Stephen Harper continues to repeat the same mantra -- cutting taxes on corporations and the wealthy creates jobs. But, Mel Hurtig writes, economist Jim Stanford knows that the reality is quite different:
Economist Jim Stanford has made careful comparisons of Harper's claims against his actual performance in articles for the Globe and Mail and others. Stanford says that there are some 400,000 discouraged unemployed workers who do not appear in the official unemployment statistics and that with other forms of hidden unemployment, the true unemployment rate in recent years is above 12 per cent. New job creation in Canada has barely kept pace with its population growth; indeed, in 2013 Canada ranked in the lower half of industrial countries with net job creation lagging 1.4 points behind population growth.

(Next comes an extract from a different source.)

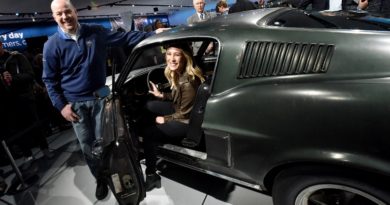 Al salone di Detroit 2018 Ford scende dalla Mustang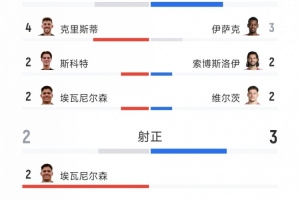 利物浦1-0伯恩茅斯全场数据：射门12-9，射正3-2，得分机会1-1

"When Canadian officials boast that the pace of job-creation or GDP growth is relatively high," Stanford states, "they neglect to mention that Canada's economy must generate more growth and jobs just to stand still.... Canada's real GDP growth since the pre-recession peak (in 2007) ranks an uninspiring 17th among the 34 countries of the OECD.... Real per capita GDP remains 1.4 per cent lower than it was at the beginning of 2008. In fact, real per capita GDP is still lower in Canada than it was at the beginning of 2006 (when the Harper Conservative government first took power); during almost six years of Conservative 'stewardship,' therefore, Canadians have experienced no economic progress (by this measure) whatsoever."

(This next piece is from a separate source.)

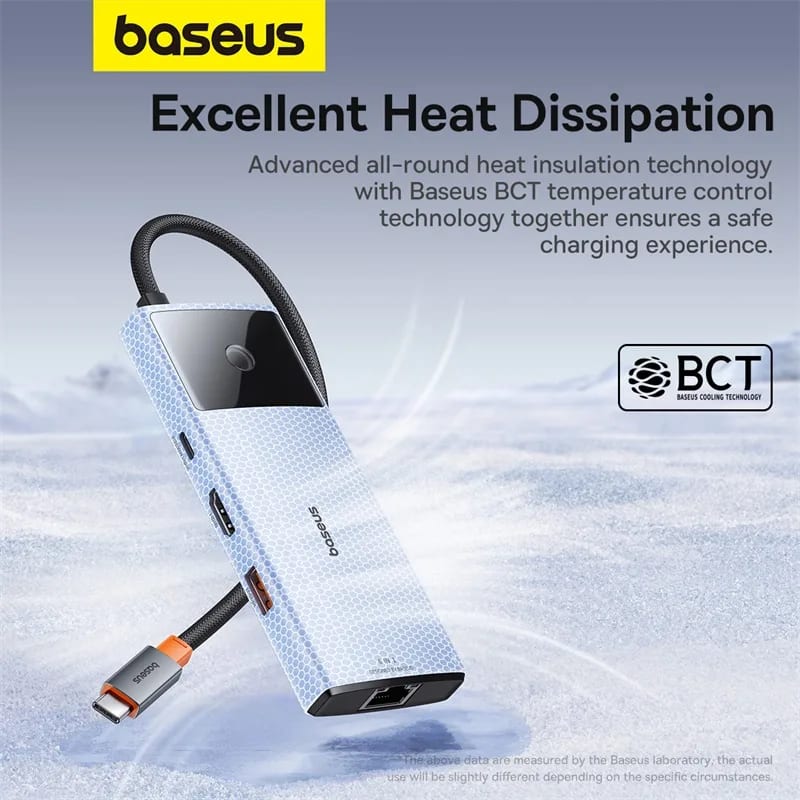 Baseus Hub Metal Gleam Series II 6 in 1 Type-C HUB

Hurtig has been fighting an uphill battle for decades, as the Canadian economy was sold off to foreign interests. Besides corporate assets, Canadian jobs are now being sold as part of the bargain:
Regarding unemployment figures, 19 OECD countries have lower rates of unemployment in a recent three year average.
We lag at 14th position in terms of annual growth in compensation per hours worked. All of these countries have seen higher growth in wage rates: Estonia, Slovakia, Hungary, Slovenia, Mexico, Korea, Norway, the Czech Republic, Australia, Poland, Great Britain, Luxembourg and Denmark.
Conservatives like to argue that the best job creator is a growing economy. But as Saskatchewan MP Ralph Goodale notes, the Harper government's growth record is the worst since the early 1930s under then prime minister R.B. Bennett.
Strange, isn't it? Another prime minister with roots in the Maritimes, who went to Calgary and became rich. Perhaps when he retires, Harper -- like Bennett -- will take up residence in Britain. Perhaps Stephen Harper is really R.B. Bennett's ghost.